## Problem to work on
Data follows below. Repeat exactly the lines between the line holding "Used 2023 Nissan" and the line holding "show from 03.06.25", inclusive, and nothing more; drop pictures.

## Records provided
·····

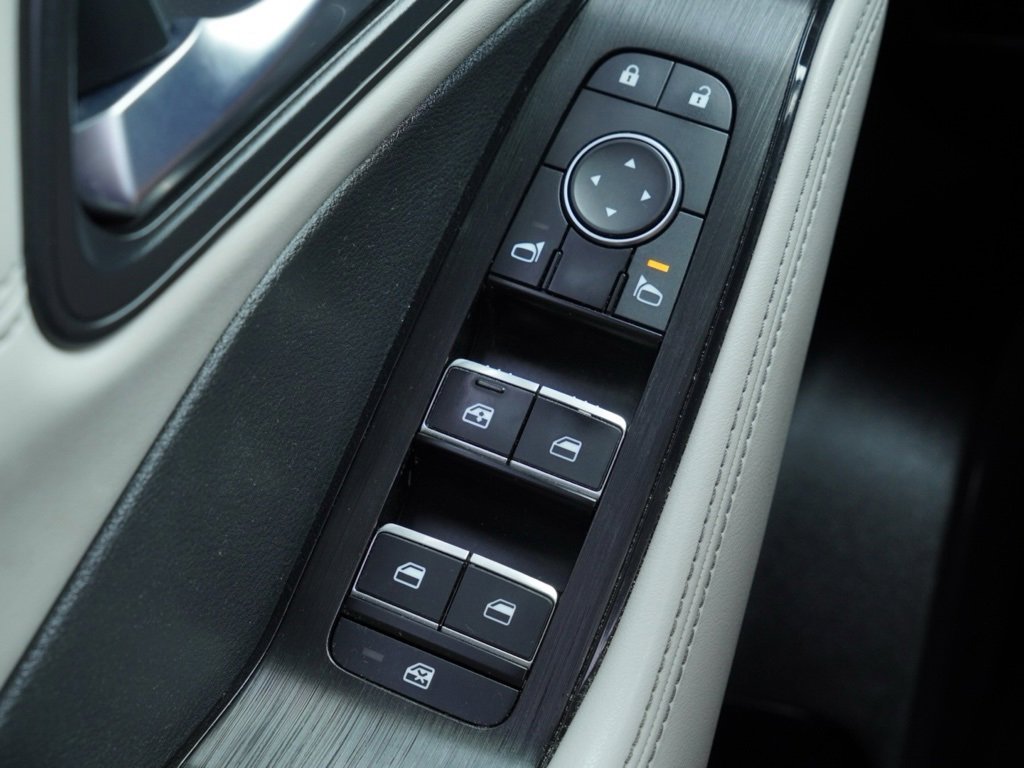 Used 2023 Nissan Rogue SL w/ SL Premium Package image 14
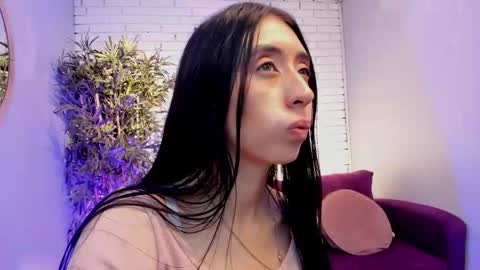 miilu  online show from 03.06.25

·····

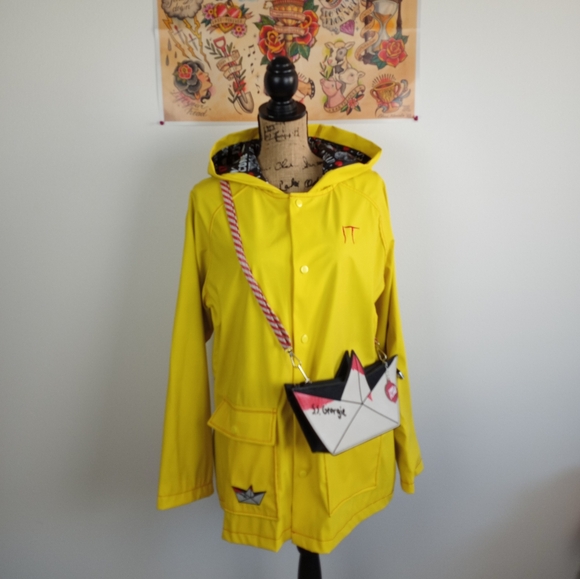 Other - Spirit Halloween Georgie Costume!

·····

## Answer space
 Used 2023 Nissan Rogue SL w/ SL Premium Package image 14
 miilu  online show from 03.06.25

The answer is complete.